What is expected
Could you write out the listing below exactly as it stands, leaving out the pictures?

Source material
++++++
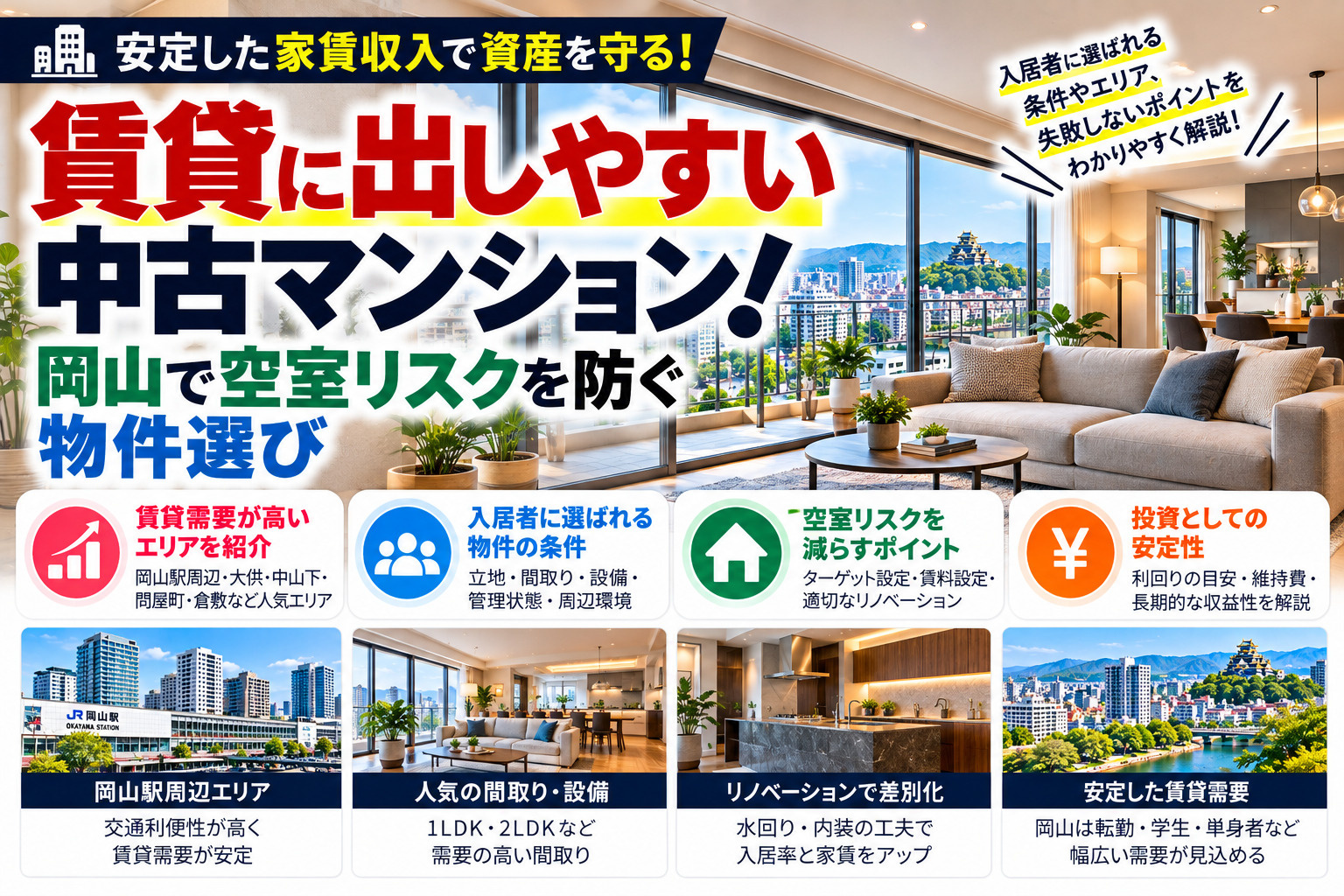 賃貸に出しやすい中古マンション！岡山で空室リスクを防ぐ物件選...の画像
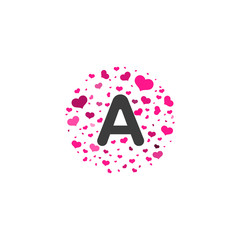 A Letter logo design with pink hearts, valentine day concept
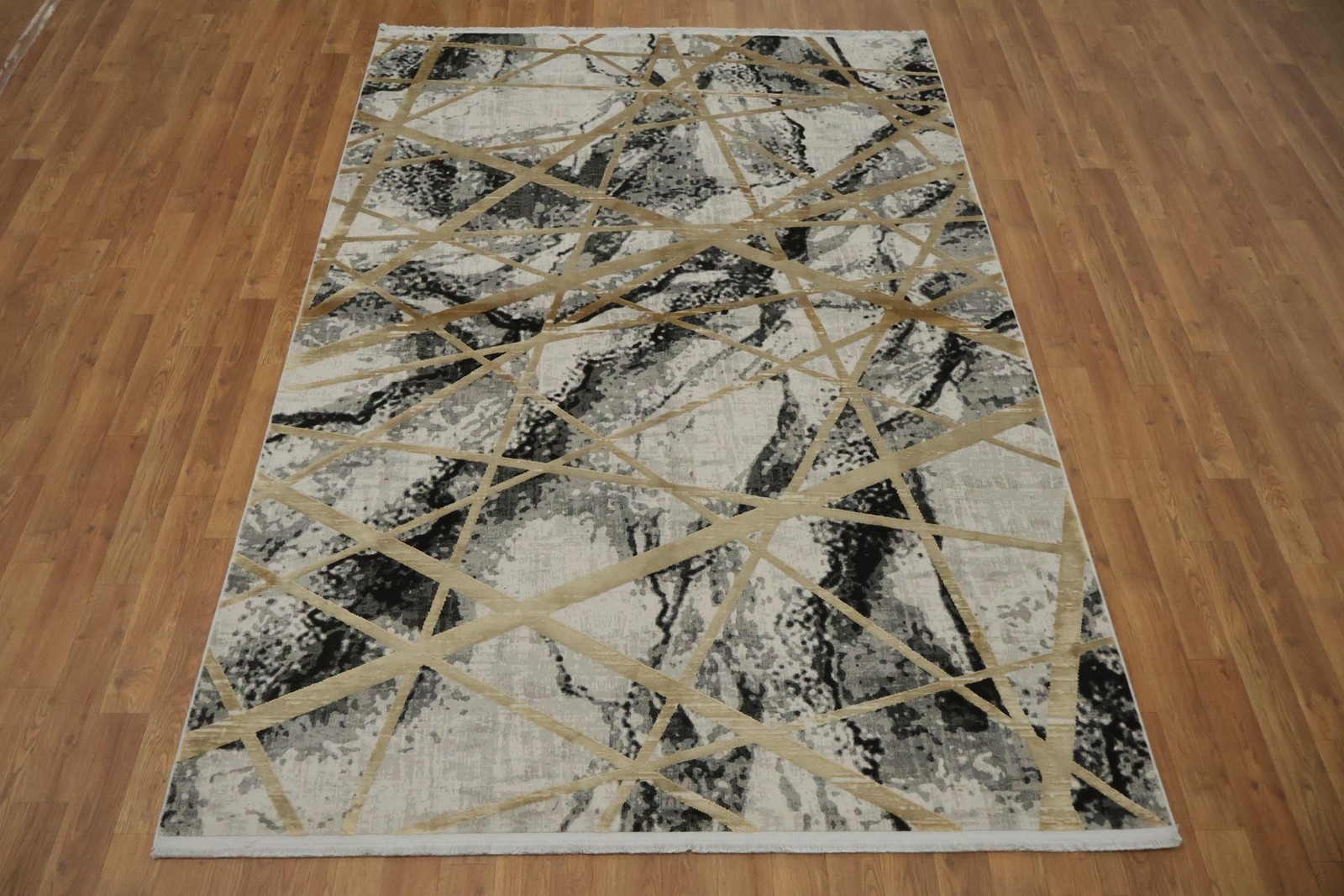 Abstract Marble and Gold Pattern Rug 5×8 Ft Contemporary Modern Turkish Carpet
++++++
Worked solution
 賃貸に出しやすい中古マンション！岡山で空室リスクを防ぐ物件選...の画像
 A Letter logo design with pink hearts, valentine day concept
 Abstract Marble and Gold Pattern Rug 5×8 Ft Contemporary Modern Turkish Carpet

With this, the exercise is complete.